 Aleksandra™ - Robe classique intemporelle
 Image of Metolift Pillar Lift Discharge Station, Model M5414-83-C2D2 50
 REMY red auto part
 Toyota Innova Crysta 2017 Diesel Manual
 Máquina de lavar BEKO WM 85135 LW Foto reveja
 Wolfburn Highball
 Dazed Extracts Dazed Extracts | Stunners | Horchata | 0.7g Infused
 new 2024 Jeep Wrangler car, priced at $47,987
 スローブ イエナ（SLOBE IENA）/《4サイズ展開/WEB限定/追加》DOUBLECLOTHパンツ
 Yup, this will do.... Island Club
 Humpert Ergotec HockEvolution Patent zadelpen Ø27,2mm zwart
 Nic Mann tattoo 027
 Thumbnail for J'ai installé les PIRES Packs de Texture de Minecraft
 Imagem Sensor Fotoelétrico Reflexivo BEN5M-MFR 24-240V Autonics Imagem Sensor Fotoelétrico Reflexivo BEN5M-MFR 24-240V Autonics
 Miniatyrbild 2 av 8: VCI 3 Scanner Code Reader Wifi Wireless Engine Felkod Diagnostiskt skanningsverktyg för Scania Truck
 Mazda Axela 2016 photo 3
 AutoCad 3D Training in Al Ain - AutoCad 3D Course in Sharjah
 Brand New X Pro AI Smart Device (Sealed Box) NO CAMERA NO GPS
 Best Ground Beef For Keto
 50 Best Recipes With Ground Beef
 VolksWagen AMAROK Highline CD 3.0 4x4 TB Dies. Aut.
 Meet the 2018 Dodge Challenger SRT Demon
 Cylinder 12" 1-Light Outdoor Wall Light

::::::

What is needed
The answer should be an exact copy of the lines from the first line of the data through the line with "AutoCad 3D Training" and should contain nothing else.

Response area
 Aleksandra™ - Robe classique intemporelle
 Image of Metolift Pillar Lift Discharge Station, Model M5414-83-C2D2 50
 REMY red auto part
 Toyota Innova Crysta 2017 Diesel Manual
 Máquina de lavar BEKO WM 85135 LW Foto reveja
 Wolfburn Highball
 Dazed Extracts Dazed Extracts | Stunners | Horchata | 0.7g Infused
 new 2024 Jeep Wrangler car, priced at $47,987
 スローブ イエナ（SLOBE IENA）/《4サイズ展開/WEB限定/追加》DOUBLECLOTHパンツ
 Yup, this will do.... Island Club
 Humpert Ergotec HockEvolution Patent zadelpen Ø27,2mm zwart
 Nic Mann tattoo 027
 Thumbnail for J'ai installé les PIRES Packs de Texture de Minecraft
 Imagem Sensor Fotoelétrico Reflexivo BEN5M-MFR 24-240V Autonics Imagem Sensor Fotoelétrico Reflexivo BEN5M-MFR 24-240V Autonics
 Miniatyrbild 2 av 8: VCI 3 Scanner Code Reader Wifi Wireless Engine Felkod Diagnostiskt skanningsverktyg för Scania Truck
 Mazda Axela 2016 photo 3
 AutoCad 3D Training in Al Ain - AutoCad 3D Course in Sharjah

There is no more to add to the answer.